▸ **Try it**
Print, exactly as they stand, the lines below from the one that has "Borracce sportive da" to the one that has "Piso en Barrio Morvedre - Foto 14", inclusive, leaving out the pictures.

▸ **Records for this task**
◆ ◆ ◆

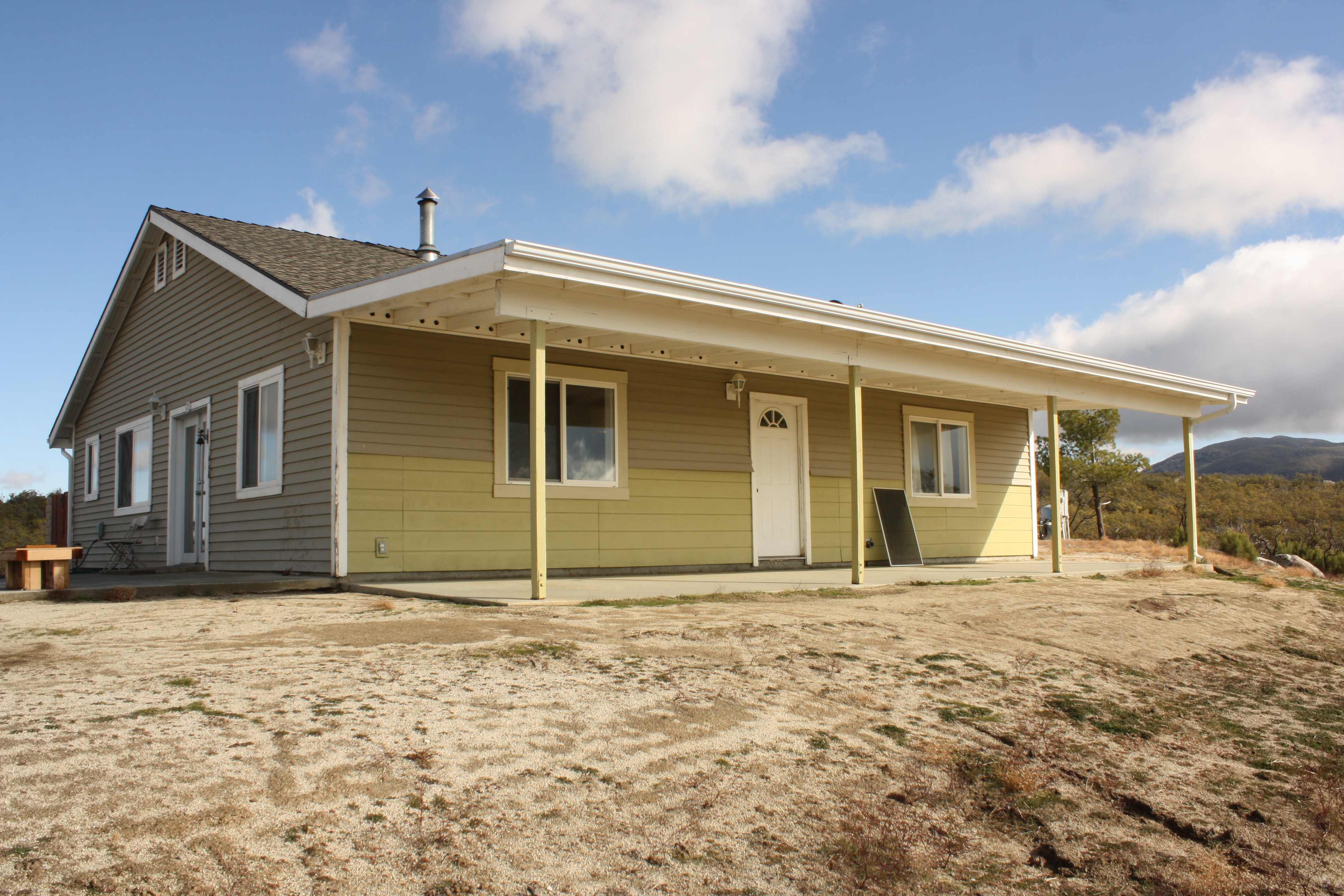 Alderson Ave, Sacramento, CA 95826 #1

◆ ◆ ◆

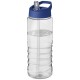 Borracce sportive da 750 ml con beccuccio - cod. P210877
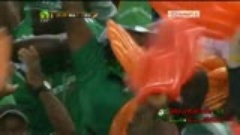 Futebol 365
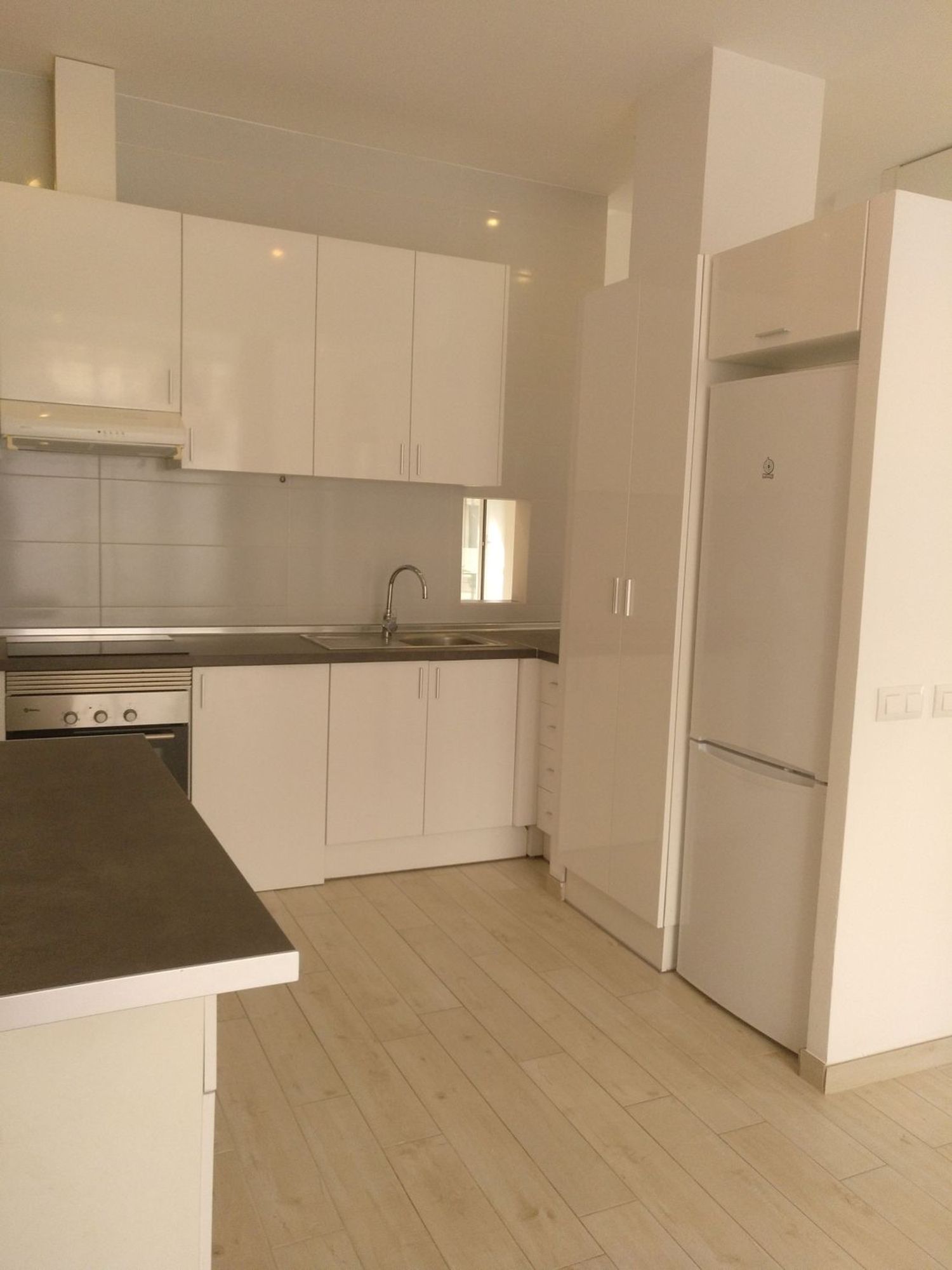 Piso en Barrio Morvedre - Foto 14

◆ ◆ ◆

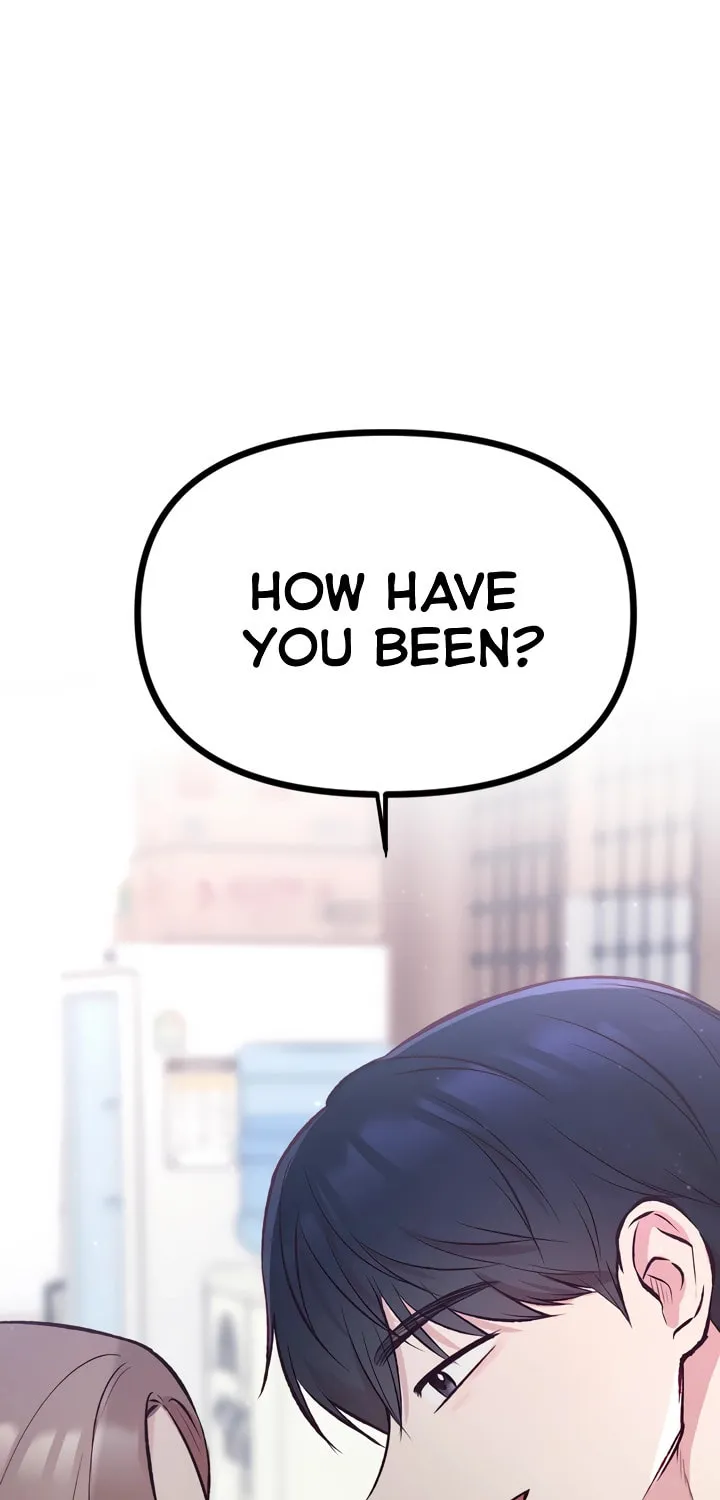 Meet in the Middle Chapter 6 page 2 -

◆ ◆ ◆

▸ **Written answer**
 Borracce sportive da 750 ml con beccuccio - cod. P210877
 Futebol 365
 Piso en Barrio Morvedre - Foto 14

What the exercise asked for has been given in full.